Jam and newspapers

Temple Gate in Bristol, 1961.  Which, I can testify, looks nothing like that now.

Posters on display in Temple Gate Bristol 1961

But just look at those posters on the right.  This is not just because, as ever, it’s both rare and wonderful to see posters out in the wild, but also because, taken as a group, they are not bad.  Admittedly I wouldn’t pay money for the Chivers one, but the design for Rozalex (bottom left) is rather good, as is the utterly unidentifiable one above it.  In case you’re wondering, Rozalex is a barrier cream to keep off dirt and you can still buy it today.  Should you wish.

Also interesting is the Guardian advert.  Is that them feeling that they have to keep up with Patrick Tilley’s adverts for the Sunday Times?  I will have to investigate…

Addendum:  I’m pulling this up from the comments, because it’s a great photo of the CWS poster in another location – Roman Road to be precise.

Roman Road 1960s with poster

The image comes from East London History.

And the other posters are, as is so often the case, not that good.

At Home

I probably can’t apologise long and hard enough for the absence of any blog posts recently, but works on Crownfolio Towers have rather taken precedence for the last month.  I now know more about lime washing than, frankly, I ever wished to.

Please have this James Fitton by way of recompense.

James Fitton Abbey Road poster

A normal service will – I hope – return in the New Year.

Worth it in the long run

I am rushing in just to tell you about Great Central Railwayana.  I’ve had the catalogue for ages, and been meaning to write about it for ages, and now, suddenly, the auction is this Saturday.  I blame the builders.

Once again, there are a good selection of posters on offer, ten times the number that you’d find at a railwayana auction even a few years ago, but I’m finding it hard to get overly excited about them as they mostly consist of the usual suspects, like Terence Cuneo.

1950 Terence Cuneo British Railways poster Tay Bridge Dundee
Terence Cuneo, 1950.

And nice pictures of landscapes from the 1950s, there are lots of those.

Wye Valley Gyrth Russell British Railways poster 1955
Gyrth Russell, 1955.

Although as seaside posters go, this one is quite special.

1955 Henry Stringer Clacton on Sea British Railways Poster
Henry Stringer, 1955.

While this bit of Dorset coast is an unusual departure from Alan Durman’s usual subject matter and style, but rather good with it.

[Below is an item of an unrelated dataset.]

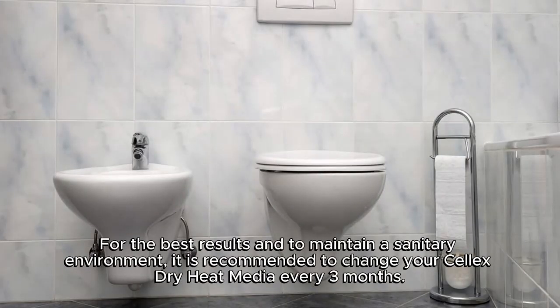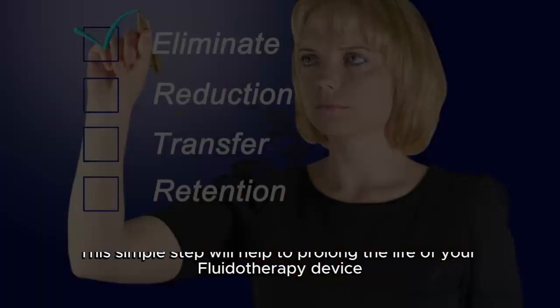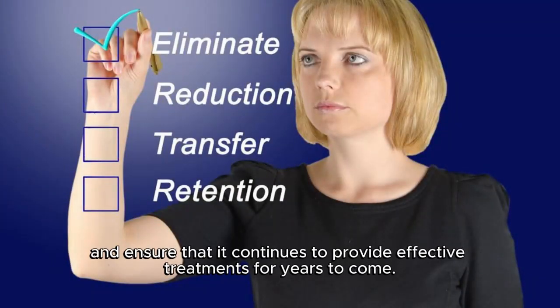For the best results and to maintain a sanitary environment, it is recommended to change your Selex Dry Heat Media every 3 months. This simple step will help to prolong the life of your fluidotherapy device and ensure that it continues to provide effective treatments for years to come.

Alan Durman British Railways Poster Dorset

And, after his star turn at the Great Northern Auction, they’ve also dug out another unusual Lander which I quite like.

1955, Reg Lander Bournemouth British Railways poster
R. M. Lander, 1955.

I also like this poster, although for no particular reason that I can articulate.

1955 Greene Ribblesdale British Railways poster
John Greene, 1955.

It’s green, will that do?  As is this one.

Badmin Derbyshire dales British Railways poster 1950
S. R. Badmin, 1950.

There is another Badmin coach poster lurking in there too, which might end up being a bit of a bargain, as coach posters often are at railway auctions.

Enjoy the Riches of Britain by Lincolnshire Road Car Company Ltd S R Badmin Coach poster

There on the other hand, it might not.

But if you want good design, this Karo has to be the best poster in the sale by a long chalk.  It will be interesting to see what it goes for.

Travel In Rail Comfort - It's Worth It In The Long Run' by Karo British Railways poster

Also on my favourites list is this Kelly, which I’ve written about before.

Kelly new brighton British railways poster spade 1955
Kelly, 1955.

Its (even better) pair was up in the Great Northern sale a couple of weeks ago.

Kelly new Brighton British Railways poster 1955

You may have noticed that I didn’t mention it.  But sadly we were outbid, quite considerably.  Hey ho.  Prices were generally quite high there, especially considering that it’s a brand new sale, but that’s a subject I’ll come back to next week.

But if you really want good design, the best example in the sale isn’t actually a poster.  It’s this.

Hans Schleger London Transport bus roundel

That’s Hans Schleger’s design work for London Transport there, from 1957, and very good it is too.

Pictorial posters, cheap

I’ve never come across Bristol Railwayana Auctions before now. Given that there are only two posters in their current sale, this is perhaps not so surprising.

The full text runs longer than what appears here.